Performance Characteristic	Acceptance Criteria (Implied)	Reported Device Performance
Sterilization Efficacy	Must allow for sterilization of enclosed contents.	Demonstrated to allow for sterilization of enclosed contents.
Dry Time	Validated for specific dry times (20 or 30 minutes) for models.	Validated for 20 minutes for CH100 & CH200; 30 minutes for CH300-CH600.
Sterility Maintenance	Maintains sterility of enclosed contents for at least 30 days.	Demonstrated to maintain sterility for at least 30 days.
Physical Properties	Comparable to predicate device before and after sterilization.	Characterized before and after sterilization; supports substantial equivalence.
Biocompatibility	Complies with ISO 10993.	Complies with methods of ISO 10993.
Lumen Sterilization (CH400, CH500, CH600)	Validated for lumens 3mm diameter or larger and 400mm or less in length.	Validated for lumens 3mm diameter or larger and 400mm or less in length.

2. Sample Size Used for the Test Set and the Data Provenance:

The document does not explicitly state numerical sample sizes for each specific test (e.g., sterilization efficacy test, dry time test). However, it lists the "loads used in the Sterility Maintenance Validation Study" for each of the six DuraBlue™ Sterilization Wrap models (CH100 to CH600). These loads, comprising specific quantities of items (e.g., 16 huck towels, 5 lbs of metal mass), represent the test articles for that validation. The provenance of the data is not specified in terms of country of origin or whether it was retrospective or prospective. It is implied to be prospective testing conducted by the manufacturer for regulatory submission.

3. Number of Experts Used to Establish the Ground Truth for the Test Set and the Qualifications of Those Experts:

This information is not provided in the document. The study appears to be focused on physical and microbiological validation of the device's performance, rather than assessment by human experts interpreting data.

4. Adjudication Method for the Test Set:

This information is not provided as the study does not involve expert adjudication of results. The results are likely determined by objective measurements and standardized test methods (e.g., sterility testing, physical property measurements).

5. If a Multi Reader Multi Case (MRMC) Comparative Effectiveness Study Was Done, If So, What Was the Effect Size of How Much Human Readers Improve with AI vs Without AI Assistance:

This type of study is not applicable and was not conducted. The DuraBlue™ Sterilization Wrap is a physical medical device (sterilization wrap), not an AI-powered diagnostic or interpretive tool that would involve human readers.

6. If a Standalone (i.e., algorithm only without human-in-the-loop performance) Was Done:

This concept is not applicable as the device is a physical sterilization wrap, not an algorithm. The "standalone" performance here refers to the device's inherent ability to perform its function (sterilize and maintain sterility) without human intervention in the sterilization or maintenance process beyond proper usage.
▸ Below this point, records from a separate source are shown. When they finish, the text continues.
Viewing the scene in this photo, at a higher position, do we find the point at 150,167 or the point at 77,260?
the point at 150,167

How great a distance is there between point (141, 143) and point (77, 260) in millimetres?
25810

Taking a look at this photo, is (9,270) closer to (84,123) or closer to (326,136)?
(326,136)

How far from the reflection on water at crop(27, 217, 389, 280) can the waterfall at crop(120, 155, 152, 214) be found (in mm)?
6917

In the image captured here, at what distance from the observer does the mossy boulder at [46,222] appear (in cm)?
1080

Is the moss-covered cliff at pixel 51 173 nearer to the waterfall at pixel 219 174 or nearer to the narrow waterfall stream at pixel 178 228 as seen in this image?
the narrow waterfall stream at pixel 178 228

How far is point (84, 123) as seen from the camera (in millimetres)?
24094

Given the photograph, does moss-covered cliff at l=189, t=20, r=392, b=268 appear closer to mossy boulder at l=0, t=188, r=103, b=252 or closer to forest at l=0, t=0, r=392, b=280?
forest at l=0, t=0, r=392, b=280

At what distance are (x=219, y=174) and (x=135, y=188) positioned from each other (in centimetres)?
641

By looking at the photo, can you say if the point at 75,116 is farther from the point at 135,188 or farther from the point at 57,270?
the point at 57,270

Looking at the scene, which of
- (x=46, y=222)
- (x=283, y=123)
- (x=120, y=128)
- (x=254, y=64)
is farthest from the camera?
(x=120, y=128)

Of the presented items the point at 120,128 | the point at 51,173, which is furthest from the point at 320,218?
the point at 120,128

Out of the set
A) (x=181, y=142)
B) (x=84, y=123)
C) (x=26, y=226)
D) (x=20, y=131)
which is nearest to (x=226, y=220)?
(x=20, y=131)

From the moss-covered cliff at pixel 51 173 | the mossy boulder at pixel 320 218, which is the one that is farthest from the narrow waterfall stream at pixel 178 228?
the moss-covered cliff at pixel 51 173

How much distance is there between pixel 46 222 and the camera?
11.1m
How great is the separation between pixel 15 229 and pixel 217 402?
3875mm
The performance tests described (sterilization efficacy, dry time, sterility maintenance, physical properties) inherently represent the standalone performance of the wrap.

7. The Type of Ground Truth Used (expert consensus, pathology, outcomes data, etc.):

The ground truth for this device is based on scientific and technical standards for sterilization and sterility maintenance. This includes:

• Microbiological Negativity: For sterilization efficacy and sterility maintenance, the "ground truth" is typically the absence of microbial growth in culture, indicating sterility.
• Physical Property Measurements: Quantifiable measurements of material strength, porosity, and other physical characteristics.
• Time-Based Validation: For dry times and sterility maintenance duration, the ground truth is established by empirical testing under specified conditions.

8. The Sample Size for the Training Set:

This concept is not applicable as the DuraBlue™ Sterilization Wrap is a tested medical device, not a machine learning model that requires a training set.

9. How the Ground Truth for the Training Set Was Established:

This concept is not applicable as the device is not a machine learning model.